Better stopping criteria

lahwaacz commented 7 years ago

As far as I understand, the current stopping criterion used in pyamg is norm(r_k) / norm(r_0) < eps, where eps is specified with the tol parameter of the multigrid solver.

I understand that setting a fixed tolerance this way is useful to assess the efficiency of the solver regarding how fast the residue is reduced, but it does not provide any indication of how good the resulting approximation actually is. Obviously, if norm(r_0) is big, then also norm(r_k) will be big for a fixed eps. In practice, using norm(r_k) / (norm(A) norm(x_k) + norm(b)) or at least norm(r_k) / norm(b) is much better. In some cases estimates involving norm(x_k - x_{k-1}) might be useful as well.

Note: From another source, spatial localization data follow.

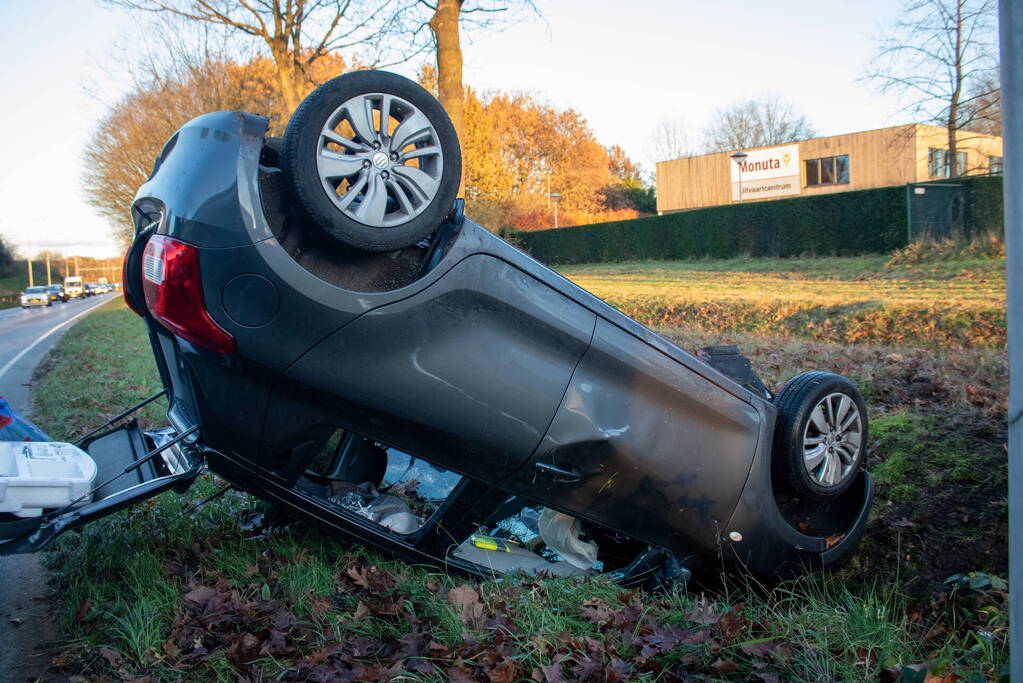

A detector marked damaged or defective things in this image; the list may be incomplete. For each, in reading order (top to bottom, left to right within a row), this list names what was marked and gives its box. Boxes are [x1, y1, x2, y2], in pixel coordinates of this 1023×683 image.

exposed car wheel [278, 70, 458, 251]
exposed car wheel [772, 374, 868, 502]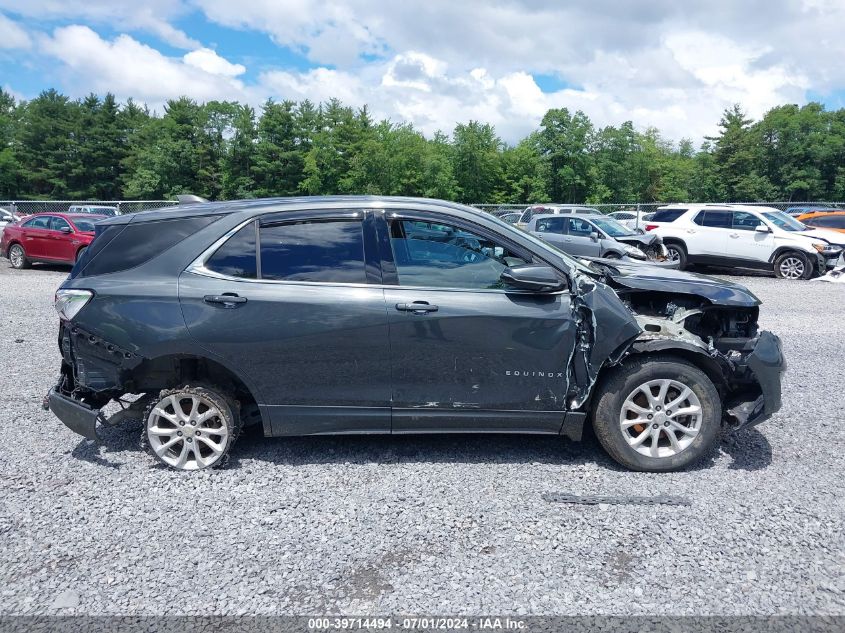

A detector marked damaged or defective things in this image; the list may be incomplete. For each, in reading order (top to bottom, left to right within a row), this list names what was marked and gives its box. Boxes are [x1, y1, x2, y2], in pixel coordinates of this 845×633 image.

crumpled hood [596, 262, 760, 306]
damaged rear bumper [46, 386, 99, 440]
damaged front bumper [724, 328, 784, 428]
damaged rear bumper [724, 330, 784, 430]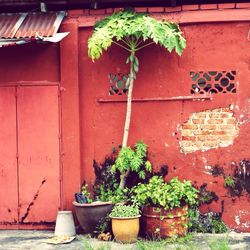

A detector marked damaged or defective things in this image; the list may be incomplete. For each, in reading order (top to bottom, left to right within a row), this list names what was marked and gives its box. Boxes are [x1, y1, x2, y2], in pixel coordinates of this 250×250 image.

rusty metal roof [0, 11, 65, 38]
cracked wall surface [179, 107, 239, 153]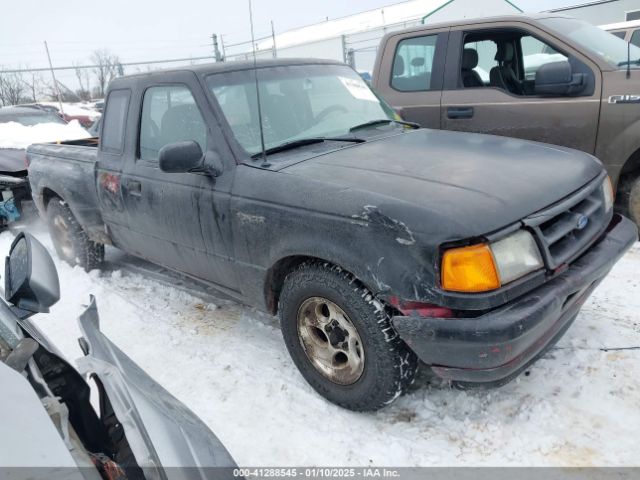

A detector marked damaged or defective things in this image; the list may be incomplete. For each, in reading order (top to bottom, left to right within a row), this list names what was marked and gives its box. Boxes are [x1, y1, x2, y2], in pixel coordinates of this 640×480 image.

damaged front bumper [392, 214, 636, 386]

For pyamg, it would be nice if the user did not have to write tol=eps * norm(b) / norm(b - A*x0) or something like that in order to enforce custom criterion. This trick is still insufficient for the last case.

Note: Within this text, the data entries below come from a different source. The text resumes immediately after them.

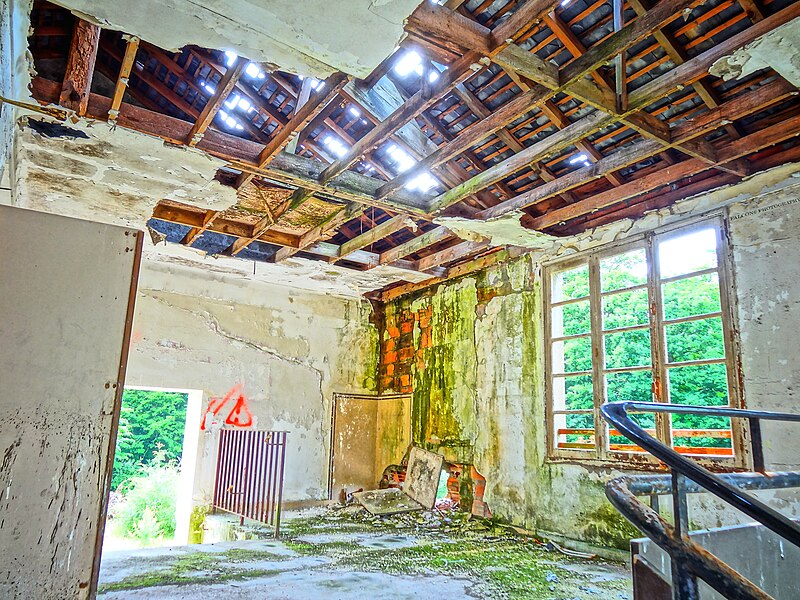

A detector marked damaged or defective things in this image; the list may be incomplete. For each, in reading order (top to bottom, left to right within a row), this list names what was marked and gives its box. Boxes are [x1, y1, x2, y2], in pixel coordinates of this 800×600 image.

broken ceiling plank [61, 18, 101, 115]
broken ceiling plank [108, 35, 139, 122]
broken ceiling plank [188, 55, 247, 147]
peeling plaster ceiling [50, 0, 424, 78]
broken ceiling plank [238, 71, 350, 188]
broken ceiling plank [318, 50, 482, 184]
broken ceiling plank [476, 78, 792, 220]
broken ceiling plank [524, 113, 800, 231]
peeling plaster ceiling [708, 16, 800, 88]
broken ceiling plank [338, 214, 416, 258]
broken ceiling plank [378, 225, 454, 264]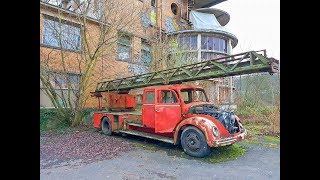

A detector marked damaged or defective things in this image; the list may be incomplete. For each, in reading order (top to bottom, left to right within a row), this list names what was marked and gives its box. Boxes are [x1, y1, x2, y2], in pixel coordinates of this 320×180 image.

broken window [42, 17, 81, 50]
abandoned red fire truck [91, 50, 278, 157]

lahwaacz commented 7 years ago

Actually, if I set tol=eps * norm(b) / norm(b - A*x0), how does it affect the coarser levels?

bensworth commented 7 years ago

Using a relative residual is quite typical in iterative methods. Here, in computing r_0 for the relative residual, a zero initial guess is assumed, so ||r_0|| = ||b||. Then, the tolerance is simple scaled by tol *= ||b||. If you scale your initial tolerance tol /= ||b||, then you will get the hard residual tolerance you are looking for. We can also easily add a flag for multilevel.solve(), e.g. relative_residual=False, that determines whether the residual tolerance is scaled by ||r_0|| or not. I think I did this in one of my development branches and just haven't merged it into master. -ben

On 6/27/17 2:16 PM, Jakub Klinkovský wrote:

As far as I understand, the current stopping criterion used in pyamg is |norm(r_k) / norm(r_0) < eps|, where |eps| is specified with the |tol| parameter of the multigrid solver.

I understand that setting a fixed tolerance this way is useful to assess the efficiency of the solver regarding how fast the residue is reduced, but it does not provide any indication of how good the resulting approximation actually is. Obviously, if |norm(r_0)| is big, then also |norm(r_k)| will be big for a fixed |eps|. In practice, using |norm(r_k) / (norm(A) norm(x_k) + norm(b))| or at least |norm(r_k) / norm(b)| is much better. In some cases estimates involving |norm(xk - x{k-1})| might be useful as well.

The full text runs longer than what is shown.